Your task | Reproduce only this range: the line holding "Ch.1-23 (English) (Ongoing)" through the last line of the data below, both included, exactly, with no pictures.

Data listing |
━━━━━━━━
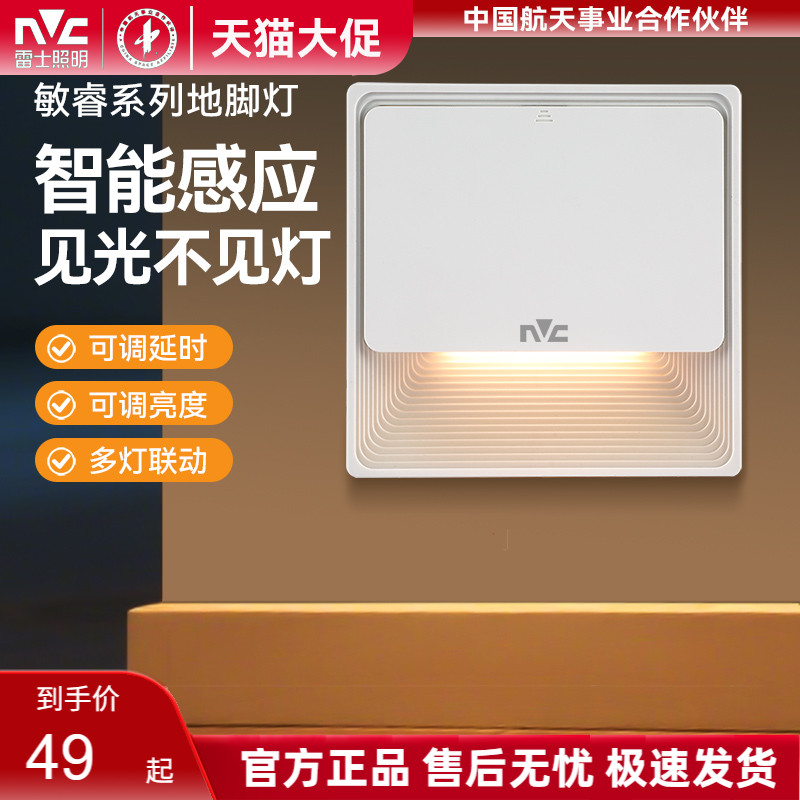 雷士照明地脚灯感应暗转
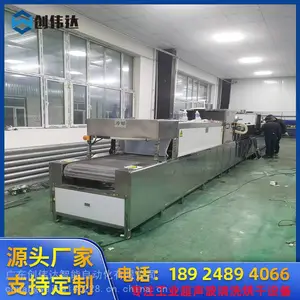 �ൺ����ʽѹ������������ͳ�������ϴ�� ��ΰ���е�Ǳ�����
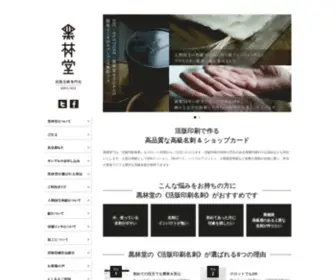 Kokulindo.com(活版印刷) Screenshot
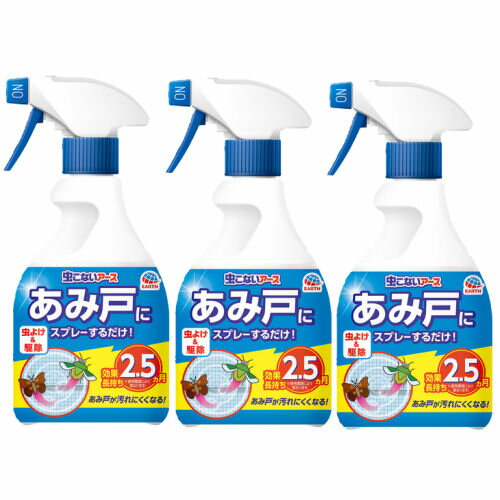 虫こないアース あみ戸にスプレーするだけ 360ml×3本セット アース製薬 チョウバエ ユスリカ 羽アリ カメムシ ヨコバイ ブユ（ブヨ） アブ ガ ハチ チャタテムシ ウンカ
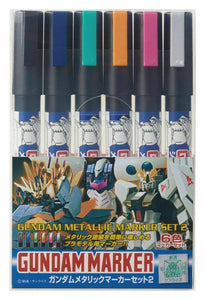 Gundam Marker: Gundam Metallic Set 2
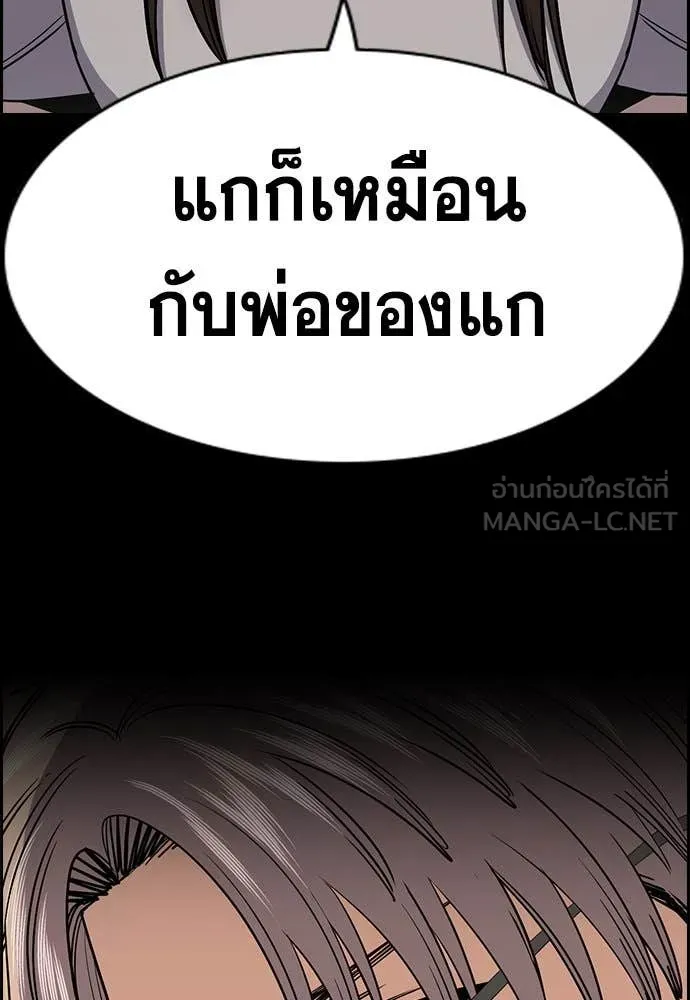 การศึกษาที่แท้จริง ตอนที่ 205 รูปที่ 63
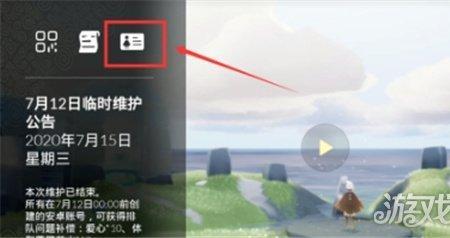 光遇官服可以不实名吗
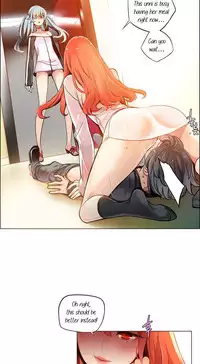 [Juder] Lilith`s Cord Ch.1-23 (English) (Ongoing)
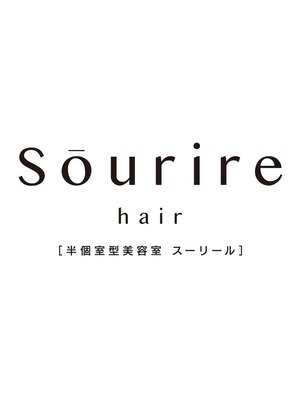 スーリール 九産大前店(Sourire)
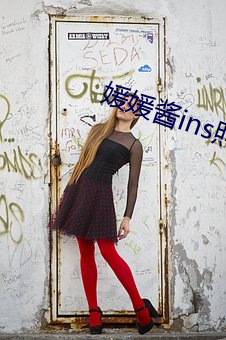 媛媛酱ins照(zhào)片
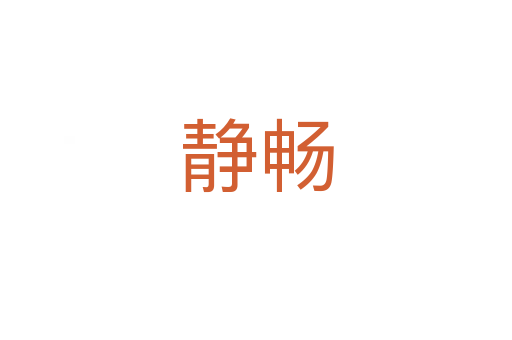 静畅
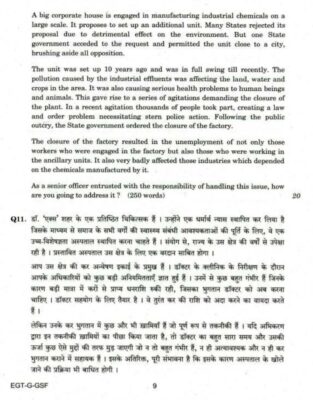 upsc question General Studies 2018 4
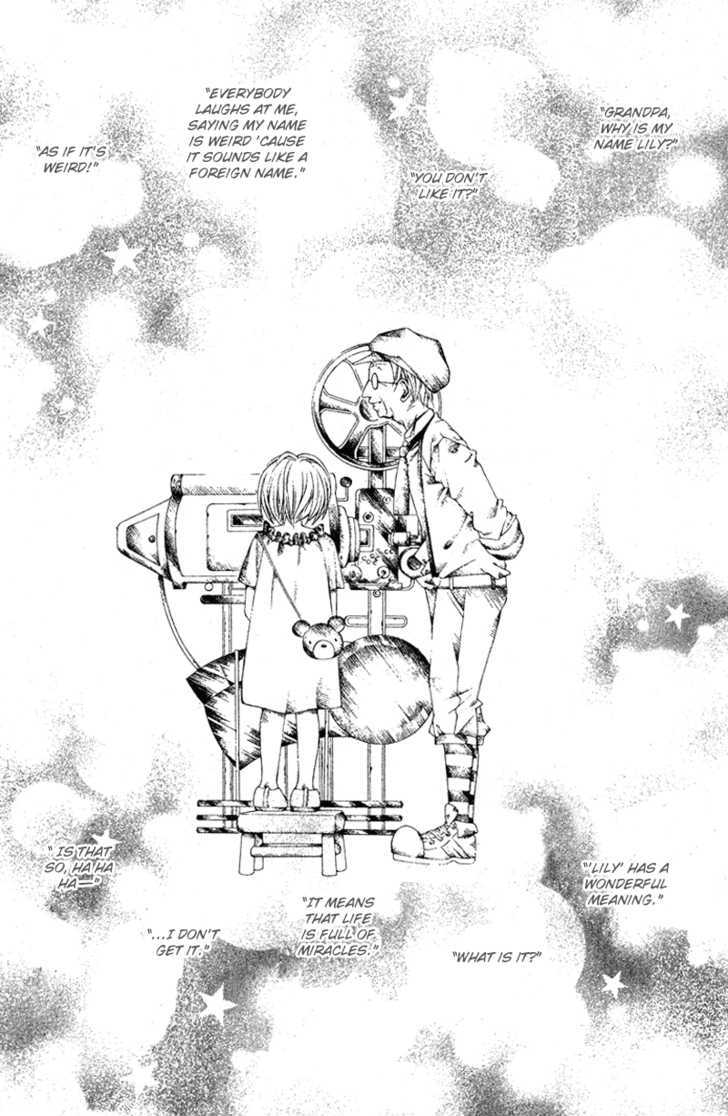 Boku No Lily Chapter 0 #3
━━━━━━━━
Result of this task |
 [Juder] Lilith`s Cord Ch.1-23 (English) (Ongoing)
 スーリール 九産大前店(Sourire)
 媛媛酱ins照(zhào)片
 静畅
 upsc question General Studies 2018 4
 Boku No Lily Chapter 0 #3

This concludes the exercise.